■ TASK OBJECTIVE
Only the lines below from the one containing "Usado Toyota Verso" through the last line should be set down, exactly as written and with no pictures.

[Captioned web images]
□ □ □ □
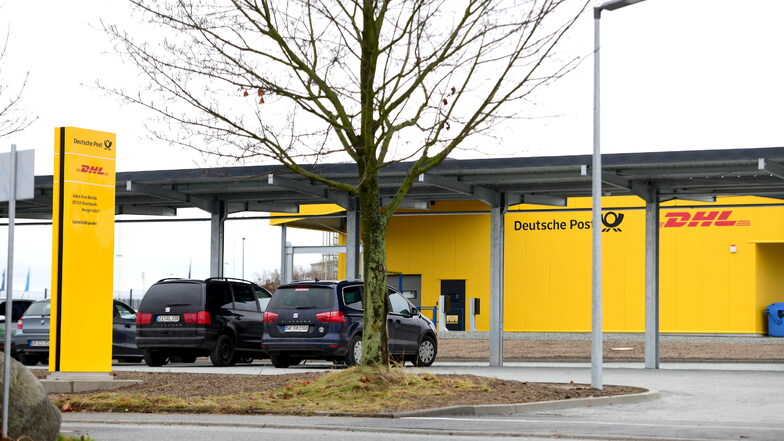 Der neue Zustellstützpunkt der Post im Ebersbacher Gewerbegebiet.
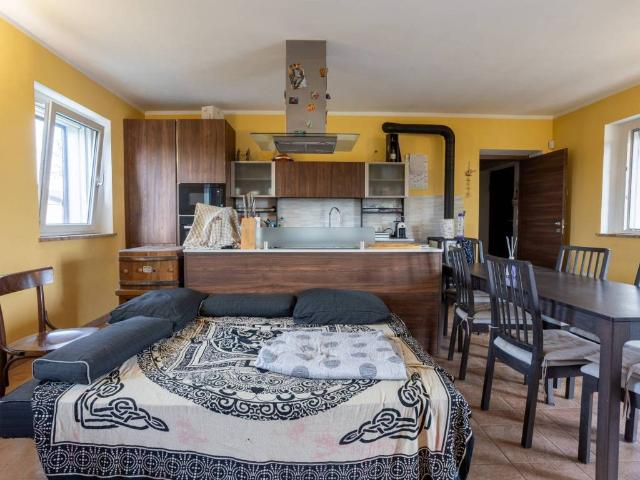 Villa in vendita a Pezzana VC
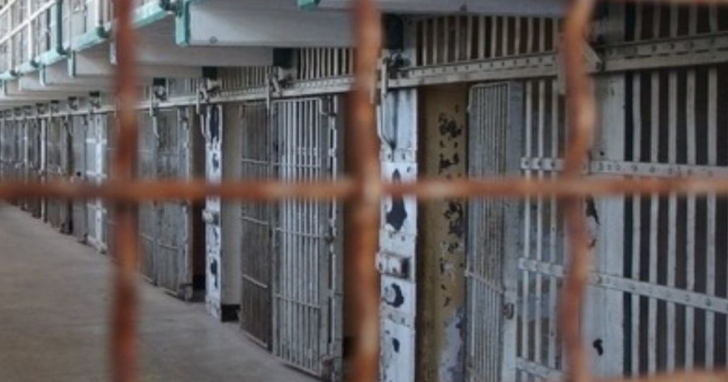 Interior do presídio de Araranguá, unidade que enfrenta superlotação e será desativada | Foto: Rádio Araranguá/Colaboração/4oito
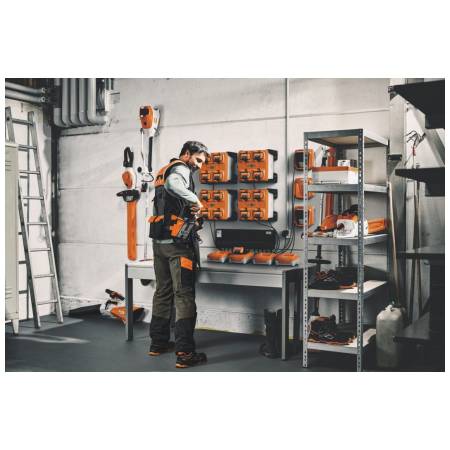 STIHL CM 12 management nabíjení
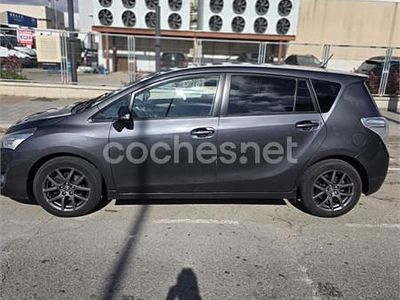 Usado Toyota Verso Comfort 112 CV (82 kW) 2015 Gris / plata Monovolumen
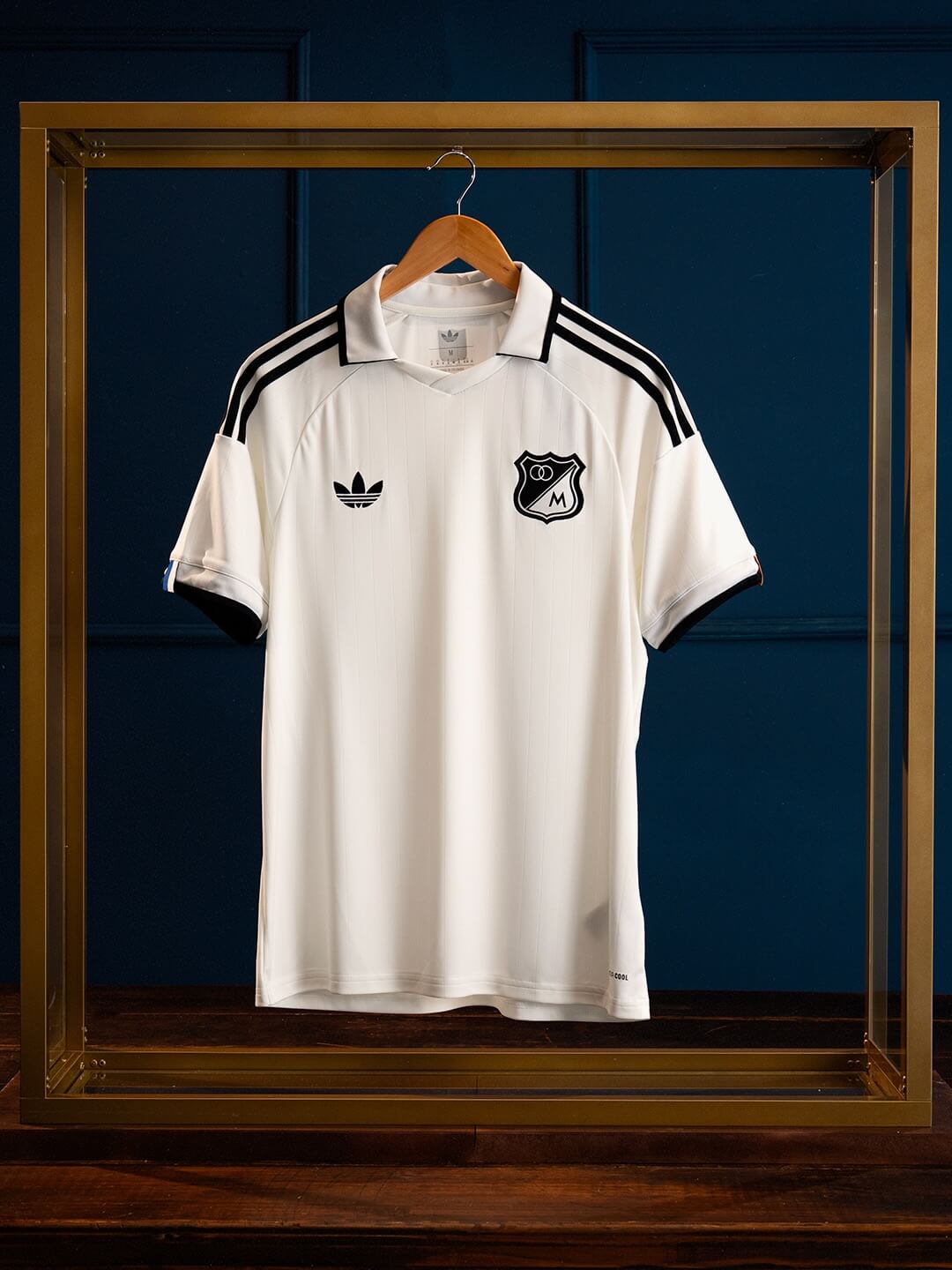 Camisa dos 80 anos do Millonarios 2026 adidas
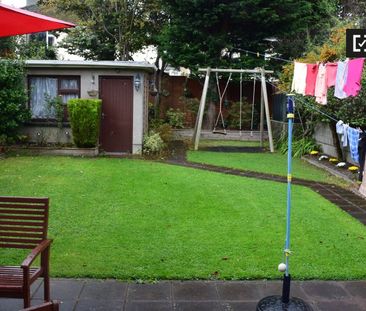 Sunny room in 4-bedroom apartment in Firhouse, Dublin - Photo 2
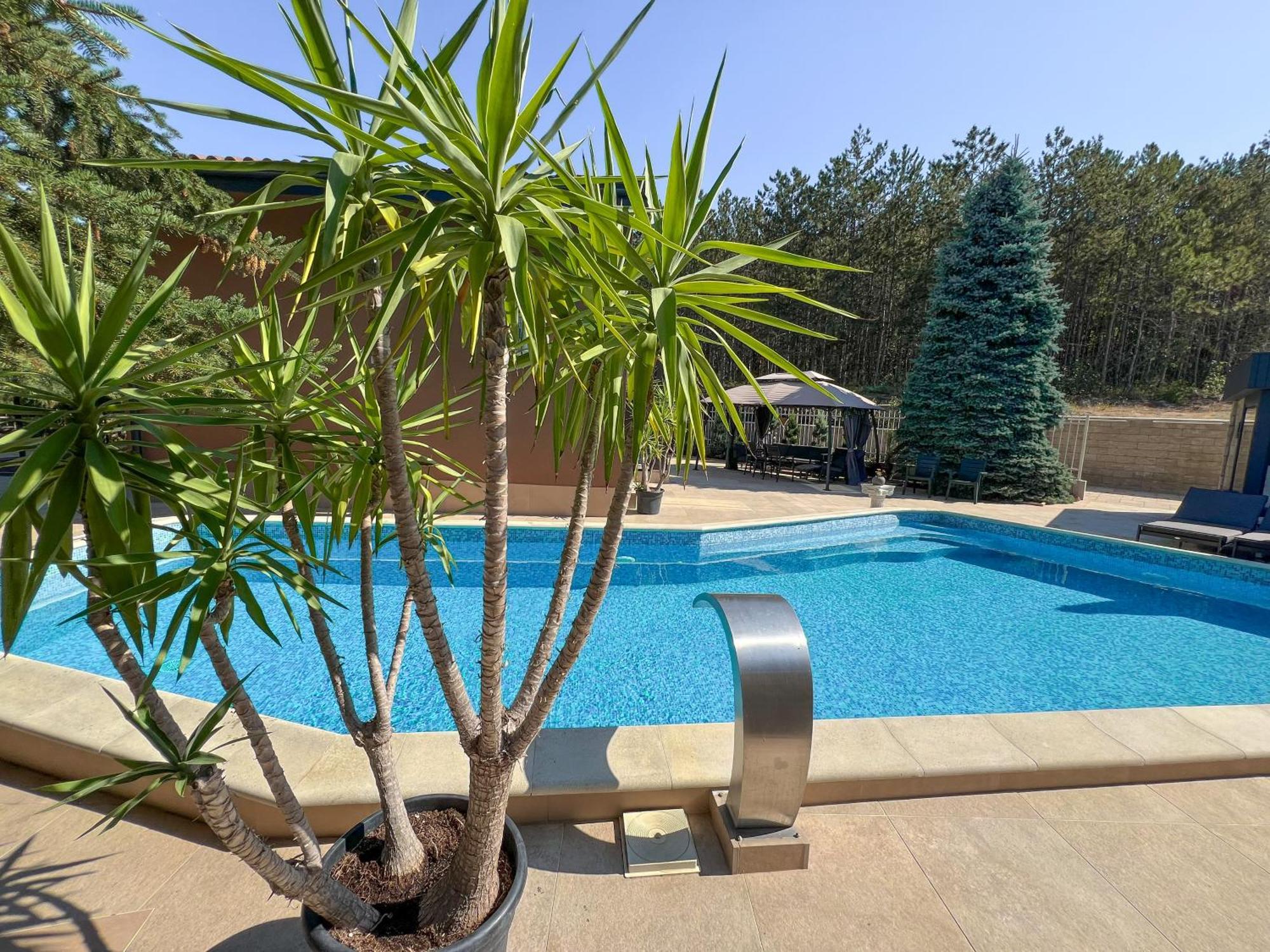 Pino - Villa, Casa, Cucina Е Terrazza Albena Exterior foto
□ □ □ □
■ OUTPUT OF THE TASK
 Usado Toyota Verso Comfort 112 CV (82 kW) 2015 Gris / plata Monovolumen
 Camisa dos 80 anos do Millonarios 2026 adidas
 Sunny room in 4-bedroom apartment in Firhouse, Dublin - Photo 2
 Pino - Villa, Casa, Cucina Е Terrazza Albena Exterior foto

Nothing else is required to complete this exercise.